Now and again, between big triple-A releases and quirky indie games, I like to play an easy going story driven game to relax. So when I saw the chance to review The First Tree I took it, I knew very little of it but what I did know met this criterion. I had seen a few trailers and heard a bit about it, a touching story and easy-going gameplay that would cleanse my gaming palette after quite a few ‘heavy’ games I had played recently.
Immediately as the game started I knew this was going to be an emotional one, you take control of a fox who has lost its children and is on a journey to find them. It’s very sad, I know. Narrating over the top of all this is a couple who are discussing what is happening as if it’s a dream, all happening at the same time as their conversation evolves. The two stories are intertwined, both equally sad and heartfelt. Your story as the fox is to find your children, find out what happened to them and hopefully save them in the process. The story of the couple talking, is one of love, parenthood, loss and loneliness. It unfolds at the same time as the foxes story and they run parallel through the whole game unfolding in unison. The game tackles some hard issues such as death, adolescence and reconciliation and has quite the impact through this very short title.

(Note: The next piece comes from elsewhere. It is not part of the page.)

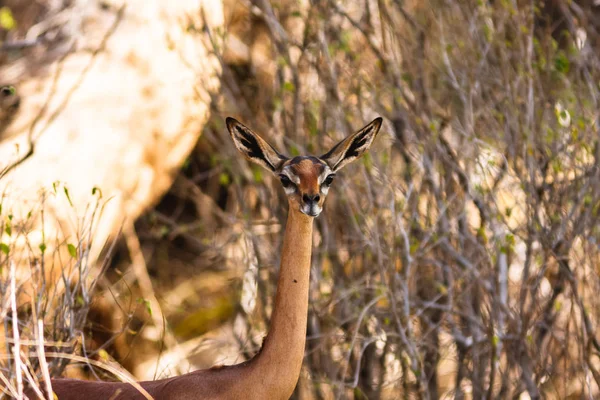 Gazella Zsiráfnyakú gazella portréja. Samburu, Kenyában. — Stock Fotó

Gameplay wise The First Tree is very simple, short and seems to just act as a tool to drive home the two hard-hitting stories that will be unfolding through the game. As you control the fox, you run, jump and explore a few connected areas and following bright stars that guide you on your path to the finish. On the way there are collectables to find, including the aforementioned stars, they give you a rough path to follow but off the beaten path are relics to dig up and other secrets to find. The relics that you dig up are things from the other story in the game, memories that the couple will address and as you find each of these artefacts their story unfolds. It’s a strange arrangement but it does work.
You do gain more moves and some of the areas do have a slight, and I mean slight, puzzle element to them. Gameplay wise this title is very light, there is a lot of running around and a lot of listening to the story of the couple get revealed as you find the numerous relics strewn through the game. There are hidden areas and more things to find but if you’re looking for deep gameplay and massive sprawling worlds look elsewhere. A lot of the time was spent just running through areas and it did drag a little here and there, I wished a few times it would just get on with it but this was very rare and it did not detract from the overall experience. This is definitely a story-driven title in it’s truest sense, a very slow pondering game of exploration collecting and facing life’s many emotional issues.
The visuals of The First Tree are wonderful, as they are in many of these types of games and fit the title perfectly. They help convey both of the stories and a few graphical issues aside are very pleasing to look at. The characters and environments are very crisp and bright and are a delight to meander through, some of the effects are very pleasing too, like the pink sky reflecting on the snow and the lighting, which is soft and elegant.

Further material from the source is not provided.